Doch dann vernahmen wir ein Murmeln. Ein Murmeln, das immer lauter und immer verständlicher wurde. Eine Gruppe Murmeltiere, gerade auf dem Weg zu einem internationalen Tierkongress im Dählhölzli. Sie murmelten von der Revolution Gottes und waren extrem gut gelaunt. Denn es singe ein Gespenst herum in Europa: Am 30. April ist Weltuntergang. Apokalypse. Die Revolution Gottes. Basta! Aus! Finito! Tschüss Menschheit!
Endlich eine Hoffnung auf Veränderung. Eine Chance, das Projekt Menschheit hinter sich zu lassen. Mit all seinen Irrungen und Wirrungen. Tabula rasa. Euphorie kam auf. Endlich den Mantel der Geschichte zerreissen. Basta mit morgens aufstehen, Kaffee, Marmelade und Profitdenken? Oder solch alberne Marotten wie das sinnlose Anhäufen von abstraktem Reichtum, das strohdumme Fressen und Gefressenwerden? Halleluja.
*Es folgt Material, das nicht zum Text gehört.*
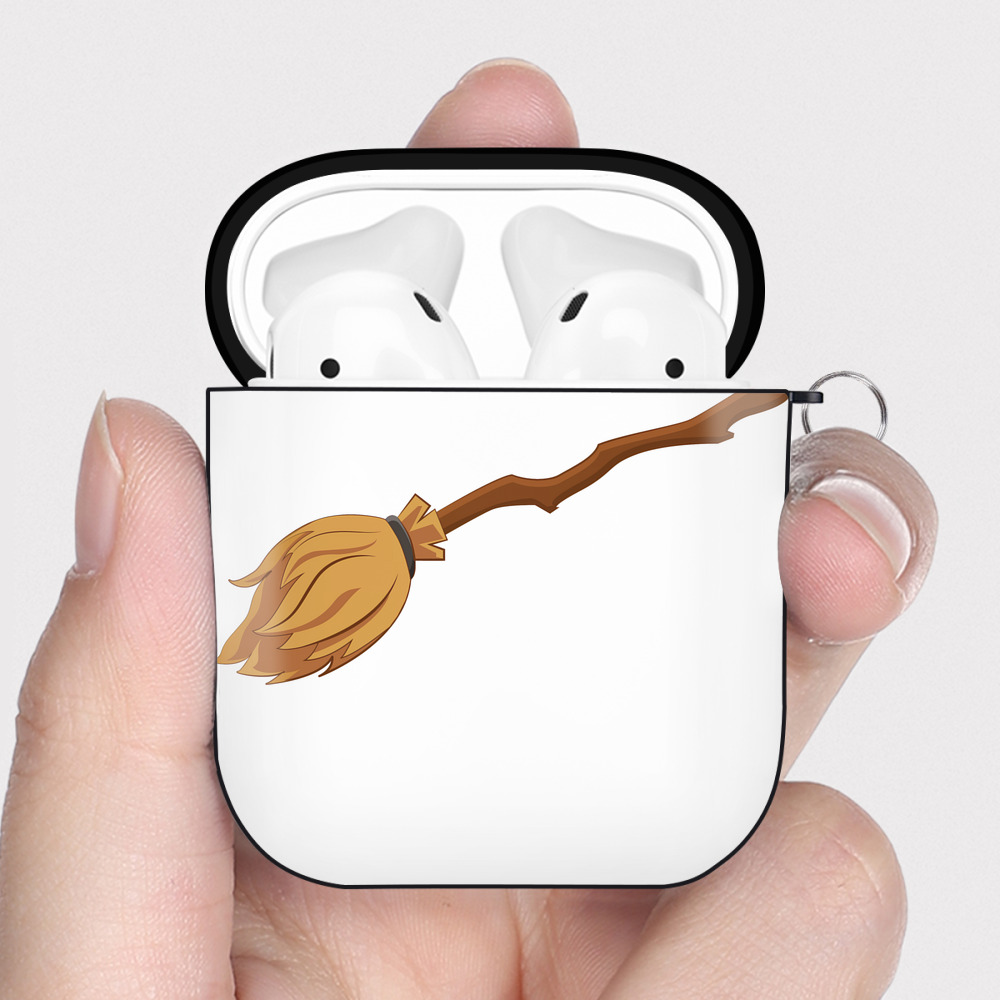 （画像用） Harry Potter ハリー・ポッターシリーズ AirPods 第2世代保護ケース ハードシェル ブラック 耐衝撃・防指紋・カラビナ付き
Seit jenem denkwürdigen Tag im Herbst waren wir auf vielen internationalen Tierkongressen. Haben viele Murmeltiere und anderes Getier getroffen. Wir haben uns entschlossen, den Tieren und nicht den Menschen zu helfen, wir bauen eine Art Arche. Obwohl wir Gott doof finden und diese Revolution Gottes unser Untergang ist, so wollen wir trotzdem Teil haben an einem neuen Anfang. Ab dem 24. April bauen wir die Arche, zusammen mit Tieren an einem zentralen Platz in Bern. Gleichzeitig findet um die Arche herum auch der «letzte» internationale Tierkongress statt. Und am 30. April um 20:15 Weltuntergang. «jolifanto bambla ô falli bambla» Es war schön mit Euch. Danke. Eure Konsorten.
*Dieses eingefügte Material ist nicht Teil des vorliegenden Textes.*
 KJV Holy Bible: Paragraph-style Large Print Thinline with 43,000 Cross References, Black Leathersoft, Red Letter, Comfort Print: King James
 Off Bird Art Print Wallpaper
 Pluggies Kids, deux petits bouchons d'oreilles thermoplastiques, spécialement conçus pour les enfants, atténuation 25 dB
Aus Briefen, die uns bereits erreichten:
Michael (10 Jahre aus Bümpliz): Weil ich kein Tier sein kann, möchte ich lieber sterben, als ein Mensch zu sein. Ich wünsche allen Tieren viel Glück auf der Arche.
Bernhard (8 Jahre aus Bremgarten): Lieber Gott, ich bin froh, dass du am 30. April die grossen Wellen und Blitze machst. Bitte nimm meinen Hund mit auf die Arche!
Unter dem Label VORORT holt AUAWIRLEBEN mit der Unterstützung von Migros-Kulturprozent jedes Jahr eine Gruppe nach Bern, um speziell für diesen Ort ein Projekt, inklusive der theatralen Arbeitsweise, zu realisieren. Es entstehen so exklusive, mit Bern verknüpfte Aufführungen.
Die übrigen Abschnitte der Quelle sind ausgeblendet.